Key Experimental Results¶
Main Results¶
Text completion task (LLaMA-2-7B, C4 dataset, \(b=8\) bits):
| Method | T=150 BA↑ | T=300 BA↑ | Avg. PPL↓ | Notes |
|---|---|---|---|---|
| MPAC | 94.00 | 98.25 | 5.08 | Small green list, poor quality |
| StealthInk | 85.00 | 92.50 | 4.13 | Good quality but low accuracy |
| CycleShift | 95.25 | 98.25 | 5.06 | Requires exhaustive enumeration |
| XMark | 98.75 | 100.00 | 4.61 | Best in both quality and accuracy |
Unwatermarked text PPL is 3.97; XMark achieves the closest PPL.
Ablation Study¶
| Configuration | T=100 BA↑ | Notes |
|---|---|---|
| LoSo (\(k=1\)) | 74.12 | Signal too weak |
| MPAC | 83.62 | Small green list but strong signal |
| XMark (LoSo+evergreen+cTMM) | ~95+ | Three designs work synergistically |
| XMark with TMM instead of cTMM | Decreases | Count explosion in non-perturbed shards |
Key Findings¶
- XMark simultaneously outperforms all baselines in both accuracy and text quality across all token budgets (\(T=150\)–\(300\)).

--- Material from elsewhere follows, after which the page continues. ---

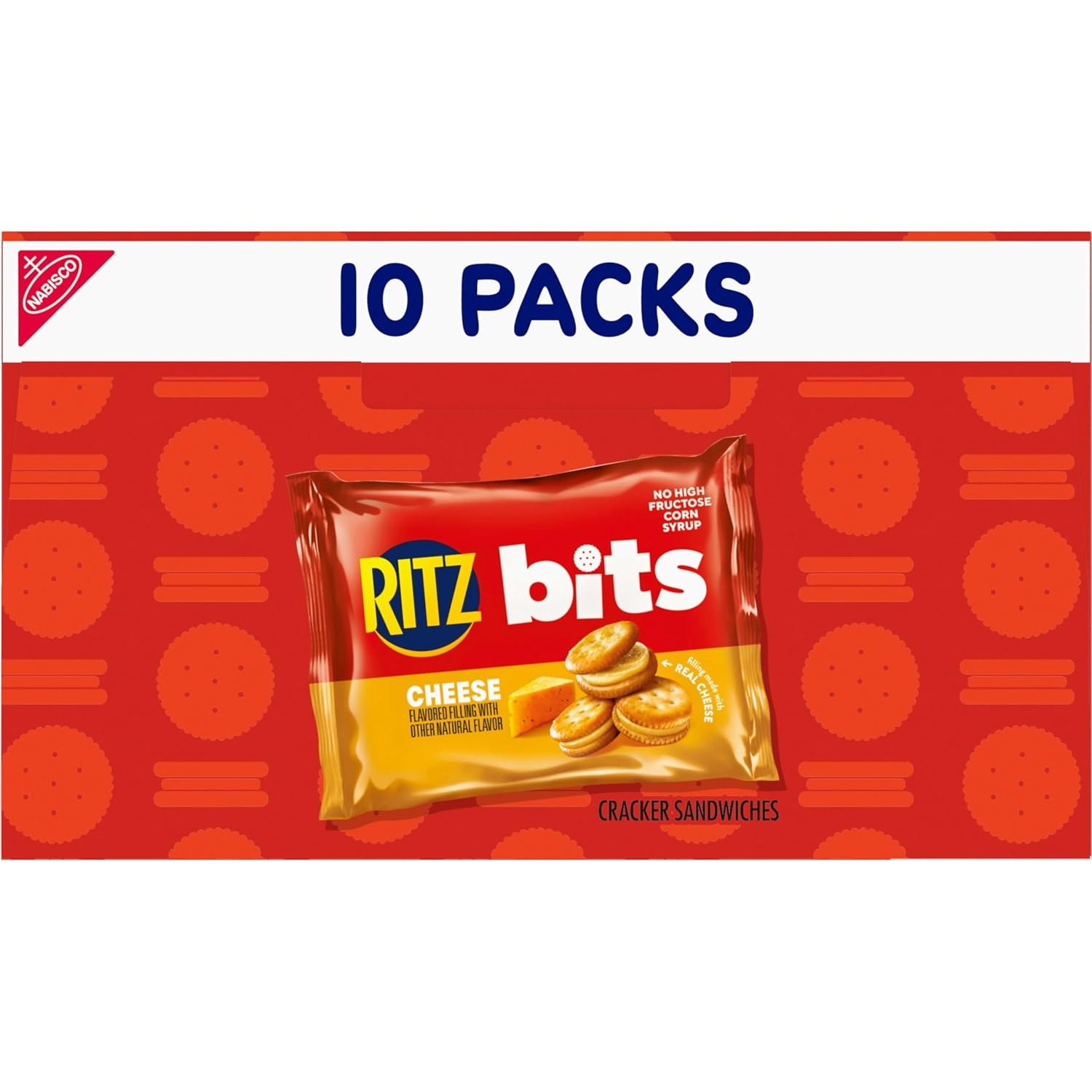 image:imageRITZ Bits Cheese Sandwich Crackers Bulk Lunch Snacks for Kids and Adults 40 Total Snack Packs 4 Boxes40 Ounce Pack of 1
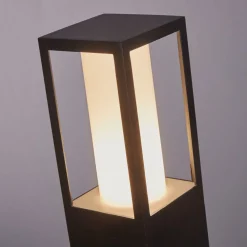 Online Searchlight Pollerleuchte IP44 GU10 73 cm Schwarz Weiß Aluminium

- The advantage is greatest under limited token budgets: at \(T=150\), XMark BA is 98.75% vs. MPAC's 94.00%, a gap of 4.75%.
- The advantage is even more pronounced on harder tasks such as text summarization—XMark BA 79.81% vs. MPAC 76.94%, with PPL 1.28 lower.
- Hyperparameter \(k\) effectively controls the quality–accuracy trade-off: increasing \(k\) improves accuracy at a slight cost to PPL.
Highlights & Insights¶
- The "inversion" thinking behind LoSo is elegant—simply reversing the green list selection raises \(\gamma\) from \(\leq 0.25\) to \(\geq 0.75\), substantially reducing distributional distortion. This idea is analogous to the concept of parity bits in error-correcting codes.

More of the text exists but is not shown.